Author Topic: Most efficient way of going through a std_logic_vector  (Read 1730 times)

0 Members and 2 Guests are viewing this topic.

Offline AtomilloTopic starter

  • Regular Contributor
  • *
  • Posts: 205
  • Country: es
Most efficient way of going through a std_logic_vector
« on: December 20, 2022, 03:47:35 pm »
Hello!

I have a VHDL description in which I want to through every element of a std_logic_vector (of 8 bits to be specific). I have two ways of doing this, either have a counter and then do:

out<=vector(counter)

Or with shift registers:

out<=vector(0);
vector(0 downto 6) <= vector(1 downto 7);

Obviously for this second solution I still neeed a counter in order to know when to stop, but which solution uses less LUTs? Is there a way to know beforehand?

If I understood it correctly, when doing out <= vector(counter) it will synthetize a MUX with all elements of the vector at the input, out at the output and counter as select signal.

In comparison, I would expect the second solution to only need as many registers as elements of vector. However, after doing a test the second solution uses more LUTs!

Any tips?

Thanks!
 

Offline ale500

  • Frequent Contributor
  • **
  • Posts: 415
Re: Most efficient way of going through a std_logic_vector
« Reply #1 on: December 20, 2022, 04:22:10 pm »
Is your design already so constrained that you are counting LUTs ?
Both approaches are quite different in nature: if you use the MUX you do not need a clock but you may add an output register that is clocked... the shift register needs a clock.
 

Offline AtomilloTopic starter

  • Regular Contributor
  • *
  • Posts: 205
  • Country: es
Re: Most efficient way of going through a std_logic_vector
« Reply #2 on: December 20, 2022, 04:24:44 pm »
It's not really a design necessity more like an exercise in trying to find the best way to do it since it's a problem that seems to occur relatively often.
What puzzled me is that I got the inverse result I expected!
 

Offline rstofer

  • Super Contributor
  • ***
  • Posts: 9915
  • Country: us
Re: Most efficient way of going through a std_logic_vector
« Reply #3 on: December 20, 2022, 08:15:04 pm »
Can you look at the generated logic?  You can with the Xilinx tools but I don't know about others.

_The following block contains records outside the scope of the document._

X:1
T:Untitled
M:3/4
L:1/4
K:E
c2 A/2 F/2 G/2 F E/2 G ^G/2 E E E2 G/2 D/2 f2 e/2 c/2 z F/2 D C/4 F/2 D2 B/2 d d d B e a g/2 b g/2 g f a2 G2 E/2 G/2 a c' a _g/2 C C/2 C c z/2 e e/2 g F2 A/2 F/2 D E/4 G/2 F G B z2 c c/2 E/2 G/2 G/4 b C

I have found that counters are implemented with a register and an adder and all the logic it entails.  I had never really stopped to think about how a counter would be implemented.  I guess I thought it would look like a TTL counter, a register with steering logic around the outside.
 

Offline nctnico

  • Super Contributor
  • ***
  • Posts: 27435
  • Country: nl
    • NCT Developments
Re: Most efficient way of going through a std_logic_vector
« Reply #4 on: December 20, 2022, 08:19:16 pm »
The real answer is: it depends.
With a counter you have a few flipflops for the counter and muxes to bring out the bits. With a shift register, you'll have a flipflop for each bit. The shift register version does allow higher clock speeds.
There are small lies, big lies and then there is what is on the screen of your oscilloscope.
 

Offline AtomilloTopic starter

  • Regular Contributor
  • *
  • Posts: 205
  • Country: es
Re: Most efficient way of going through a std_logic_vector
« Reply #5 on: December 20, 2022, 08:27:27 pm »
Can you look at the generated logic?  You can with the Xilinx tools but I don't know about others.

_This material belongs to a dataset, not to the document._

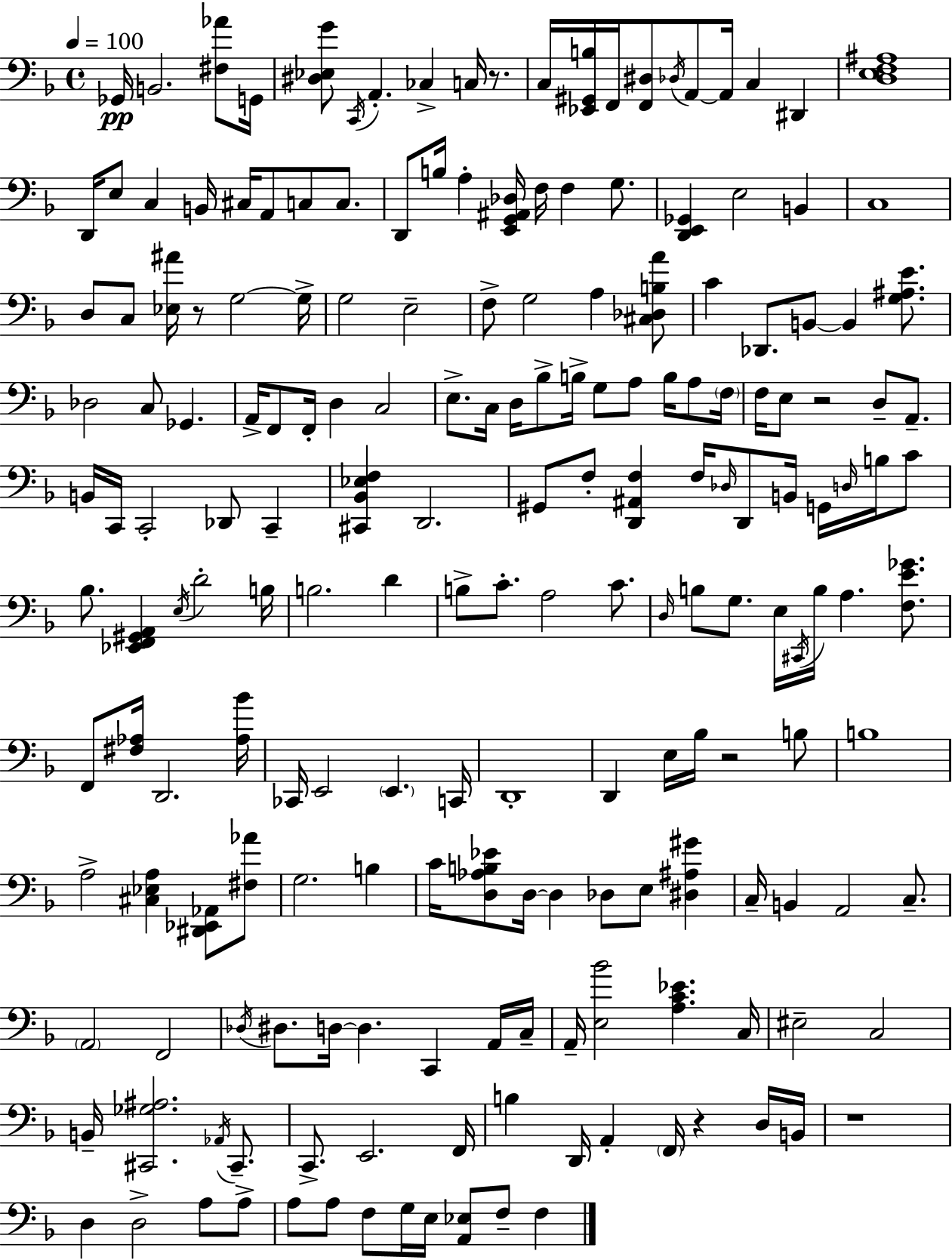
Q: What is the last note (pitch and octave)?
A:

I have found that counters are implemented with a register and an adder and all the logic it entails.  I had never really stopped to think about how a counter would be implemented.  I guess I thought it would look like a TTL counter, a register with steering logic around the outside.

I'm using Vivado, never tried to look at the generated logic but sounds fun! Will try tomorrow at work and report what the result is.
Yes but the counter is in both versions, since even with the shift registers I still need to know when to stop and move on to the next state.
 

Offline AtomilloTopic starter

  • Regular Contributor
  • *
  • Posts: 205
  • Country: es
Re: Most efficient way of going through a std_logic_vector
« Reply #6 on: December 20, 2022, 08:29:28 pm »
The real answer is: it depends.
With a counter you have a few flipflops for the counter and muxes to bring out the bits. With a shift register, you'll have a flipflop for each bit. The shift register version does allow higher clock speeds.
So in principle the shift register would just use FFs and not any LUTs?

Btw, does anyone have any good readings on what the machine actually synthetizes when doing VHDL?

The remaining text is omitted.